Jonah set out on the first day of his walk in the city and proclaimed, “In 40 days Nineveh will be demolished!”Jonah 3:4 (HCSB)
Those who know me will be astounded at how short Jonah’s sermon is compared to my own! In Hebrew, it is only five words long: short and to the point. It is a message full of damnation, but hidden beneath this prophetic proclamation is the hope of mercy—indeed we later learn that the reason Jonah ran away the first time was that he suspected that God would forgive the Ninevites if they repented.

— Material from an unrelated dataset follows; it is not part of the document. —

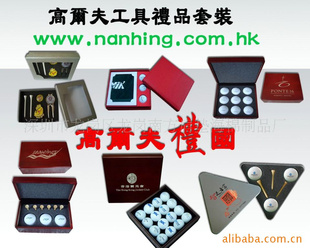 高尔夫礼品,商务礼品,广告礼品(图)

This five word sermon reminds us of the first sermon of Jesus. Jesus, the paragon and height of love, mercy, and all things beautiful had an odd and jarring word to begin His ministry: “REPENT!” Essentially Jesus began His ministry by telling everyone that they were sinners who needed to repent and turn back to God or be lost. “Repent, because the kingdom of heaven has come near!” (Matthew 4:17). The kingdom of heaven coming near meant that crunch time was approaching. History was now heading inescapably towards its final conclusion before the judgement seat of Jesus at the end of time.
The time for turning to God is now because only this life has been given to us for turning to God—when we die we are judged there and then, our fate is sealed (Hebrews 9:27). There is no promise of a second chance after death. In our ‘politically correct’ society it seems that to tell anyone he is a sinner without even knowing him seems unfair and ‘just not cricket’. But that is what the Bible proclaims. The Good News of Jesus is that we can be forgiven our sins, have perfect fellowship with God. An eternal life of joy and peace with God on the New Earth is only ‘Good News’ because it comes after the ‘Bad News’ that we are sinners who have offended a perfectly holy God and for our sins deserve an eternity of torment in hell.
If the church today is to grow and revival break out then people must recognise the horror and deepness of their sin and repent. This has always been the way: in the Old Testament, in the New Testament, in every single Revival since. Revival always starts with conviction of sin and the truth of our deserved destruction before a glorious realisation of the mercy and love of God.